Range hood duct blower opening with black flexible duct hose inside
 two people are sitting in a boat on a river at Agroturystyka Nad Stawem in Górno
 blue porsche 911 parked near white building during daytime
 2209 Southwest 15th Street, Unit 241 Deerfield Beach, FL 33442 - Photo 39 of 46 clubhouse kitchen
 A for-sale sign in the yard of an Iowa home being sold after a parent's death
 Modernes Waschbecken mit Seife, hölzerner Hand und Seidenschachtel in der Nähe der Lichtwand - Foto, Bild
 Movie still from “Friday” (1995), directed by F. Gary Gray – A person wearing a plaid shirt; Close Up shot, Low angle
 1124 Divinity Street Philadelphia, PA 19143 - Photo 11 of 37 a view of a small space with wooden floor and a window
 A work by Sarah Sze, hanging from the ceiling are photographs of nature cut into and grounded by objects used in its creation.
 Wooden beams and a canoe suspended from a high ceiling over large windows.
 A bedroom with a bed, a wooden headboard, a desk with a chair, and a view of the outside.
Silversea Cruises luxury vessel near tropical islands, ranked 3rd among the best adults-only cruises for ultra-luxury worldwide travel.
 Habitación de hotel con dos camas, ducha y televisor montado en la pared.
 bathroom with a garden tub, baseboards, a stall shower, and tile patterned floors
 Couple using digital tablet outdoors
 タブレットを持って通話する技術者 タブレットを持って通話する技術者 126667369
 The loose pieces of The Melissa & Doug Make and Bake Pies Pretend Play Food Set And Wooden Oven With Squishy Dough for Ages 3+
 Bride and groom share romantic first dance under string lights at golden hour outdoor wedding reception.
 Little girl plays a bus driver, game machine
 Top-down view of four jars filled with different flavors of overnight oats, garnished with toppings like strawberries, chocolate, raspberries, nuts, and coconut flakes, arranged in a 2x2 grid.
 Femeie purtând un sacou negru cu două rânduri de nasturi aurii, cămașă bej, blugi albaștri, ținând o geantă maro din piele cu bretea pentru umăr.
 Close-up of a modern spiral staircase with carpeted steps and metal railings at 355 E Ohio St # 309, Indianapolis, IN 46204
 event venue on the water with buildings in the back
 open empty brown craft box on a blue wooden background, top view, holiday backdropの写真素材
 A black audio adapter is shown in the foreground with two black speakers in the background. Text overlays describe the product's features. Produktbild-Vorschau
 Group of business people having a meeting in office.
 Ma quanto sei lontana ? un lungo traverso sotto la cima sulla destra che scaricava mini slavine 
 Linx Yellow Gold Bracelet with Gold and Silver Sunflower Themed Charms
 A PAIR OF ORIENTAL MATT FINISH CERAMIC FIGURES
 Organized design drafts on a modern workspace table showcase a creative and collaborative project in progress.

------------------------------------------------------------

State how many lines in the data include the string "black". Nothing else belongs in the reply.

2